More recent judgments

There are some who argue that the Miller, Adams and others were exceptional and that we are now witnessing a return to a more orthodox approach (24). It is true, and to my mind welcome, that in at least one recent decision the Court seemed keen to reassert a more traditional approach to judicial review.

Paragraph 162 of the recent case of SC and others, is important. The Court considered that:

challenges to legislation on the ground of discrimination have become increasingly common in the United Kingdom. They are usually brought by campaigning organisations which lobbied unsuccessfully against the measure when it was being considered in Parliament, and then act as solicitors for persons affected by the legislation, or otherwise support legal challenges brought in their names, as a means of continuing their campaign. The favoured ground of challenge is usually article 14, because it is so easy to establish differential treatment of some category of persons, especially if the concept of indirect discrimination is given a wide scope. Since the principle of proportionality confers on the courts a very broad discretionary power, such cases present a risk of undue interference by the courts in the sphere of political choices. That risk can only be avoided if the courts apply the principle in a manner which respects the boundaries between legality and the political process.(25)

I agree wholeheartedly with Lord Reed that the Courts must be alive to the risk of undue interference in matters which are properly political, and which should be resolved through political discussion and democratic Parliamentary process. The Supreme Court judgment in Begum (26) was another example whereby the Court recognised the importance of the statutory scheme enacted by Parliament, and for which the Home Secretary was democratically accountable to Parliament, and gave it due weight. Professor Ekins rightly lauded the decision affirming the Home Secretary’s statutory power, and restating wider limits on the judicial function, as the Supreme Court panel doing its bit to vindicate the rule of law (27).

However, we also see an increased readiness to import HRA-style proportionality into judicial review. The judicial ‘habits’ learned over the years have obviously influenced other areas of law (28) – with the Supreme Court entertaining the idea of proportionality as a general ground of judicial review. Senior judges, including Sir Philip Sales (29) (as he then was) have rightly said this would be an ‘illegitimate legislative act’, and is not something courts should countenance.

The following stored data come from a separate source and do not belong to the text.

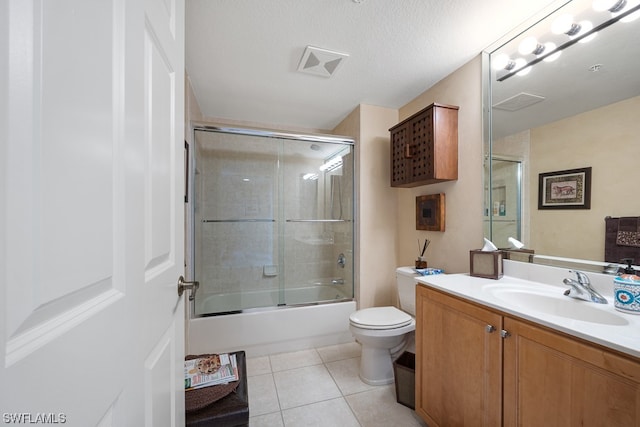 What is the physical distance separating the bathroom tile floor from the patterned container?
1.18 m

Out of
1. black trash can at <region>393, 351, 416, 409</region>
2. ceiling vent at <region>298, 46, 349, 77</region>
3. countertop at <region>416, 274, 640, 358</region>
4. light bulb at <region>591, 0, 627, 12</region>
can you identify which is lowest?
black trash can at <region>393, 351, 416, 409</region>

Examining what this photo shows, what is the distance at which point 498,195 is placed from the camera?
1.62 meters

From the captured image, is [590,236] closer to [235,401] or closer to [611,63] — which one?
[611,63]

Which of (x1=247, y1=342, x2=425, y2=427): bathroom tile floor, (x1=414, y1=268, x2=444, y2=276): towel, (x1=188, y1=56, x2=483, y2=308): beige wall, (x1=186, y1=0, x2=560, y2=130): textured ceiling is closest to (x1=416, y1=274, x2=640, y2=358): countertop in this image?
(x1=414, y1=268, x2=444, y2=276): towel

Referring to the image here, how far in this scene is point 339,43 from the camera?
164cm

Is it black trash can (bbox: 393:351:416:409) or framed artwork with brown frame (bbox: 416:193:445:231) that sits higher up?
framed artwork with brown frame (bbox: 416:193:445:231)

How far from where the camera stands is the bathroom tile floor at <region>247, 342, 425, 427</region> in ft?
5.00

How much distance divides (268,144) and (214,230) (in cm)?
103

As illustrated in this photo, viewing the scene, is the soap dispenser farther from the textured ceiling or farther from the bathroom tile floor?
the textured ceiling

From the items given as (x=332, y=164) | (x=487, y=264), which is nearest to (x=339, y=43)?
(x=332, y=164)

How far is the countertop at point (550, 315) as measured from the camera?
0.73 m

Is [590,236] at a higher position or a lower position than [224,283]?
higher

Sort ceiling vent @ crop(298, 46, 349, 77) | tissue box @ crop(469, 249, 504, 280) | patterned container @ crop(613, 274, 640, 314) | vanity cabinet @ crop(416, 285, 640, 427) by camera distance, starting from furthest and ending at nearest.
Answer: ceiling vent @ crop(298, 46, 349, 77), tissue box @ crop(469, 249, 504, 280), patterned container @ crop(613, 274, 640, 314), vanity cabinet @ crop(416, 285, 640, 427)

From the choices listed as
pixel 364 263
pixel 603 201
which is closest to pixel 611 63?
pixel 603 201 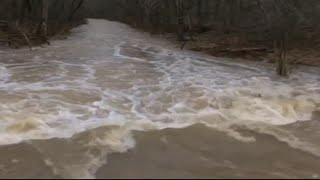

But I would say that there will be perfectly legitimate instances where the Government could decide that it is nevertheless worthwhile and important to invite Parliament to legislate to overturn individual decisions. Indeed, this point was made very clearly in the Independent Review of Administrative Law – which recommended the legislative ‘overturning’ of the decision in Cart, an immigration case. Even if we think the pendulum has returned to a more traditional balance, with courts taking a more prudent approach to the determination of political issues, the fact remains that the mould has been broken. There can be no guarantee that in a future case the Supreme Court might again choose to intrude upon territory well beyond its scope and in doing so usurp the power that should be the sole preserve of those directly answerable to the people. Power that is held by virtue of a mandate that can only be expressed through the democratic process.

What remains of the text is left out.